Imam Turidi menyampaikan hal tersebut sebagai respons atas isu yang sempat beredar terkait dugaan penolakan rangkaian ibadah Natal 2025 di lokasi tersebut. Ia menegaskan, pemerintah daerah bersama DPRD hadir untuk memastikan kebebasan beragama tetap terjaga di Kota Depok.
“Saya sebagai wakil rakyat di DPRD Depok, saya ingin memastikan bahwa tidak ada penolakan terhadap rangkaian ibadah Natal 2025. Pemerintah juga hadir, mulai dari camat hingga lurah, dan semuanya menyampaikan hal yang sama,” ujar Imam Turidi usai menyambangi langsung ke Wisma Sahabat Yesus, Jumat, 26 Desember 2025.
Pria yang akrab disapa IT ini menambahkan, seluruh pihak yang terlibat sepakat mendukung toleransi beragama dan menjaga kerukunan antarumat beragama di Kota Depok.
“Alhamdulillah, semua mendukung toleransi beragama di Depok. Keragaman adalah pilar pemersatu bangsa. Indonesia kuat karena keberagaman, dan inilah yang harus kita rawat serta jaga bersama,” tegas IT.

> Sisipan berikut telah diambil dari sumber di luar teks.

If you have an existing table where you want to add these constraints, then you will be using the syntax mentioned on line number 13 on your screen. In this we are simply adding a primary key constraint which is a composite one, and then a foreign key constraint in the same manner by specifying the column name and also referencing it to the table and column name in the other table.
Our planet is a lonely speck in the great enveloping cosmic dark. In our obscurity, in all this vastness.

Menurut dewan dari Fraksi PDI Perjuangan DPRD Depok ini, semua golongan dan semua agama merupakan bagian dari persaudaraan bangsa Indonesia. Oleh karena itu, tidak boleh ada diskriminasi dalam menjalankan ibadah sesuai dengan keyakinan masing-masing.

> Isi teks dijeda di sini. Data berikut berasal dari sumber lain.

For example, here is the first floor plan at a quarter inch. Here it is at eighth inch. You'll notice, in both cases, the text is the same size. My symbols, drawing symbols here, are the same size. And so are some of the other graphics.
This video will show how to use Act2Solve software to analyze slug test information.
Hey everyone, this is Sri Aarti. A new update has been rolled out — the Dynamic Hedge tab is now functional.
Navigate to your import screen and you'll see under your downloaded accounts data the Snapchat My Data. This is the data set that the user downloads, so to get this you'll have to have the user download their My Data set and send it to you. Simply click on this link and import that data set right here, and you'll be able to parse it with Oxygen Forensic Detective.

IT yang juga Sekretaris DPC PDI Perjuangan Depok ini mengungkapkan dalam kesempatan tersebut, pihak gereja melalui Romo setempat juga menyampaikan apresiasi dan ucapan terima kasih atas perhatian serta fasilitas yang diberikan oleh pemerintah dan DPRD.
“Romo mengucapkan terima kasih atas segala perhatian dan fasilitas yang telah diberikan. Yang perlu ditegaskan, tidak ada penolakan ibadah,” kata Imam.
Imam Turidi juga menegaskan bahwa PDI Perjuangan berkomitmen mengawal dan memastikan nilai-nilai toleransi beragama dijalankan dengan baik di Kota Depok
“Sesuai dengan semangat kebhinekaan dan konstitusi,” pungkasnya.